■ Provided entries ■

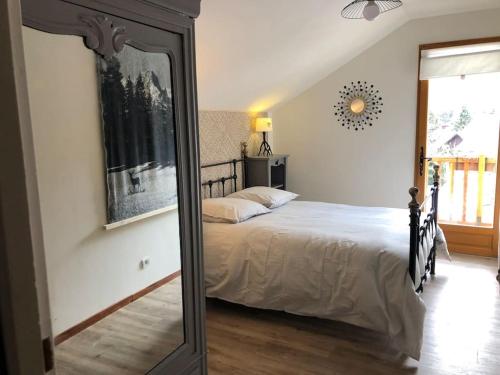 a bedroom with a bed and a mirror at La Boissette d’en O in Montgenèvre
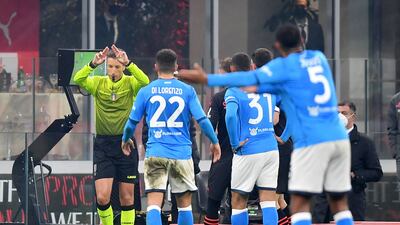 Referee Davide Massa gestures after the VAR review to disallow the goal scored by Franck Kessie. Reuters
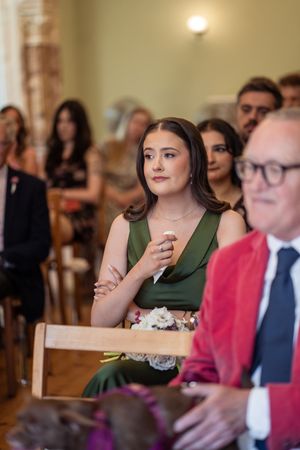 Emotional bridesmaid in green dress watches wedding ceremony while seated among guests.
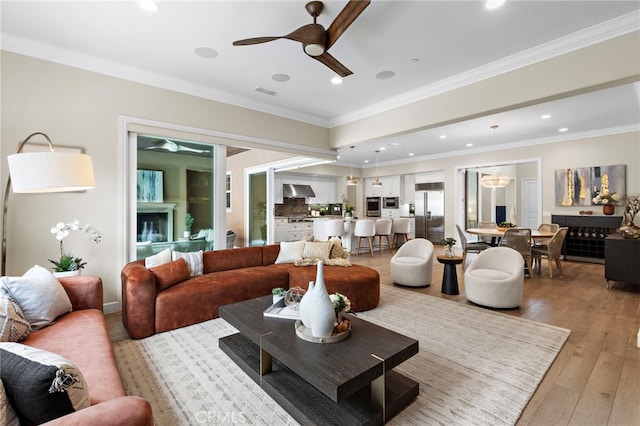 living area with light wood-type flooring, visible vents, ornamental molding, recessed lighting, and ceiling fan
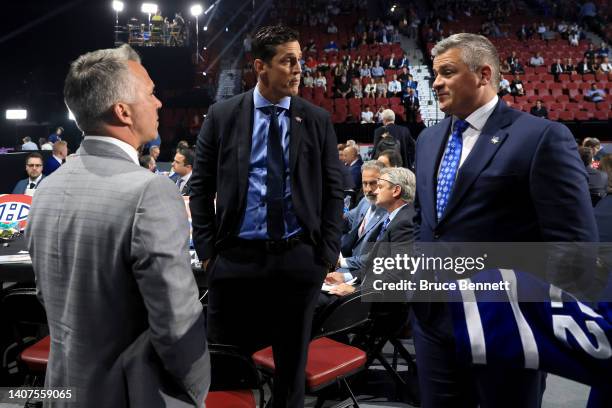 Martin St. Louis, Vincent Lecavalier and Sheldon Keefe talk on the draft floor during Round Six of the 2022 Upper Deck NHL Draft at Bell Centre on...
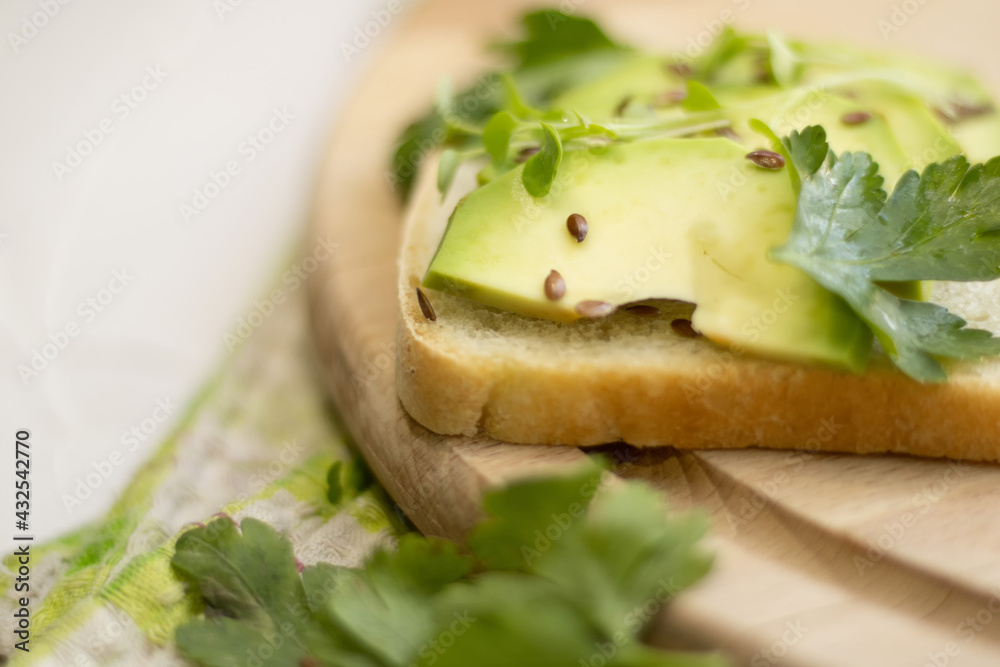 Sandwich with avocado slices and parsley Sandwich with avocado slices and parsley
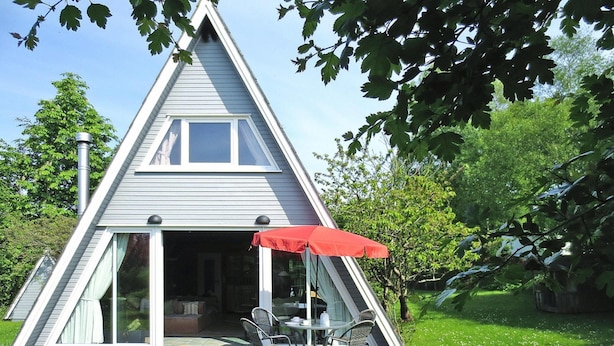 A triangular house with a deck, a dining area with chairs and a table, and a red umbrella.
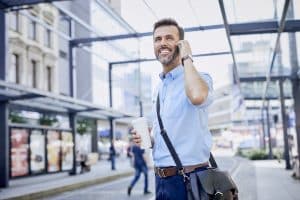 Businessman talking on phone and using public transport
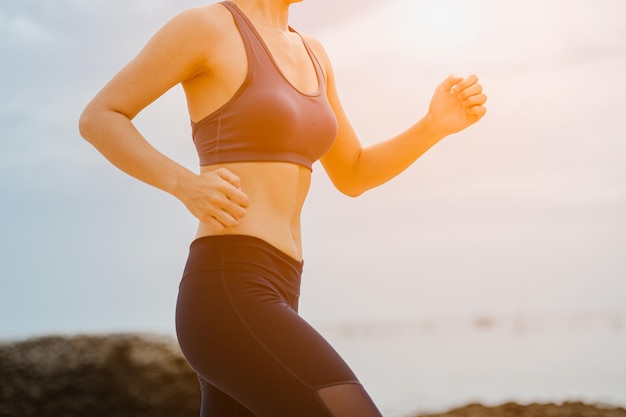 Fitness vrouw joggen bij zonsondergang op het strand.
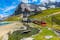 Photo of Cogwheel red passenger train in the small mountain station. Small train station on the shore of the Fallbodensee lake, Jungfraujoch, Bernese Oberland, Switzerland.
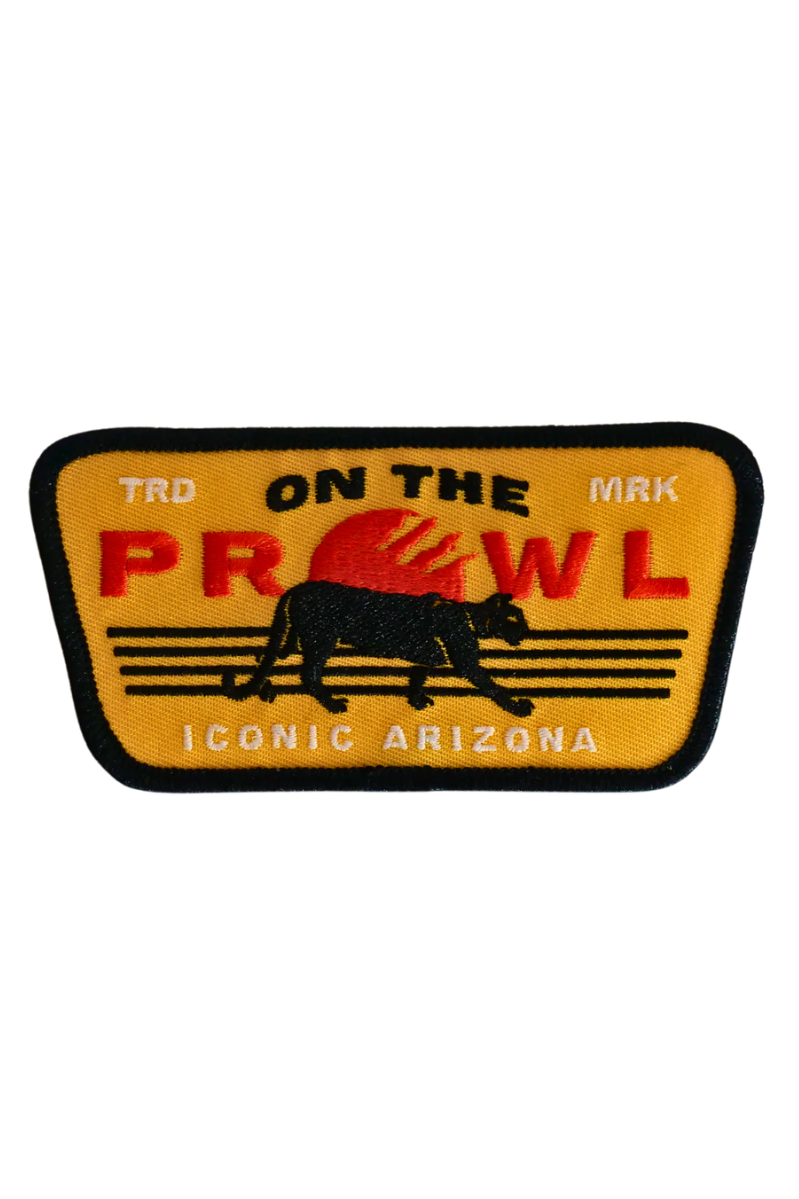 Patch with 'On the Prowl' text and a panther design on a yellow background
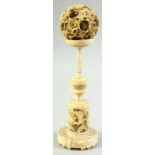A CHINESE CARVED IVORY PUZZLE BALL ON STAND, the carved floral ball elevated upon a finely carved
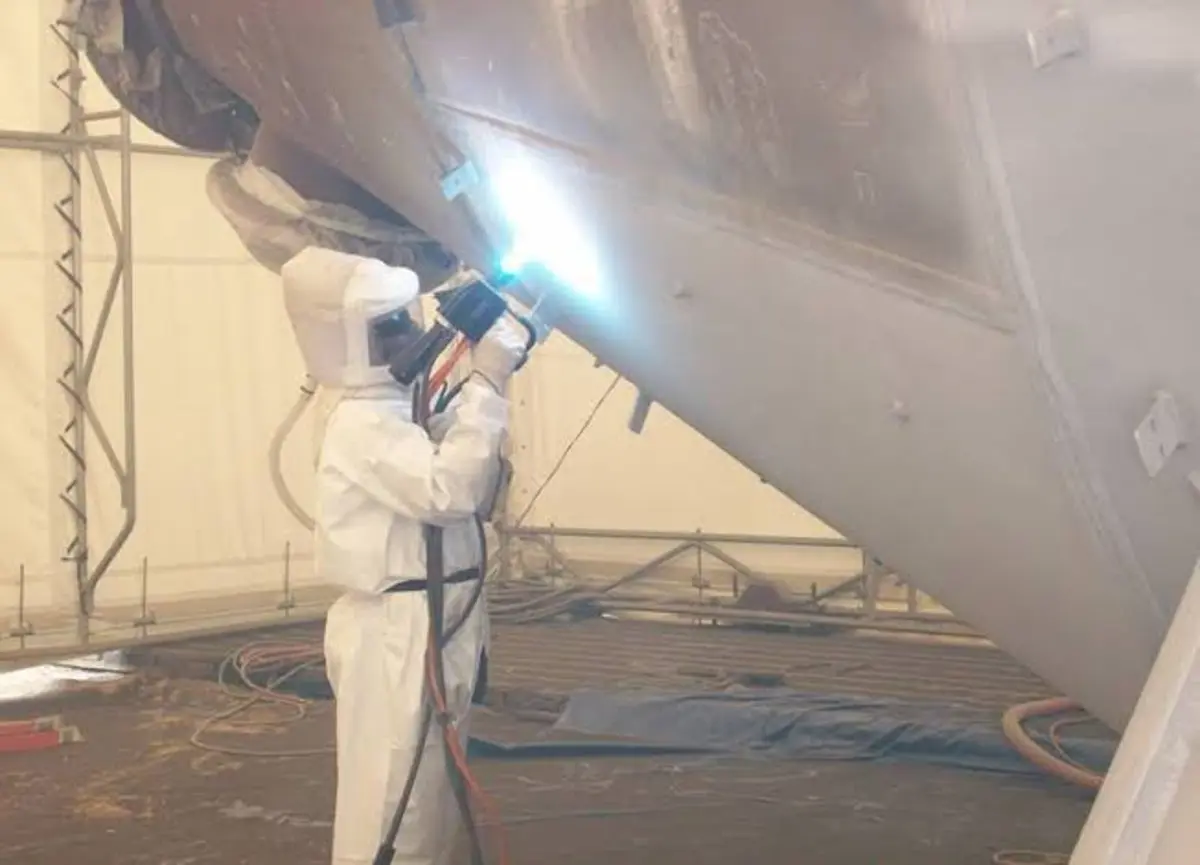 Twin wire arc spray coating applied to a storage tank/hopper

■ Activity ■
In the listing, find the line containing "A CHINESE CARVED" and repeat it and every later line through the last one, word for word, excluding the pictures.

■ Reply ■
A CHINESE CARVED IVORY PUZZLE BALL ON STAND, the carved floral ball elevated upon a finely carved
 Twin wire arc spray coating applied to a storage tank/hopper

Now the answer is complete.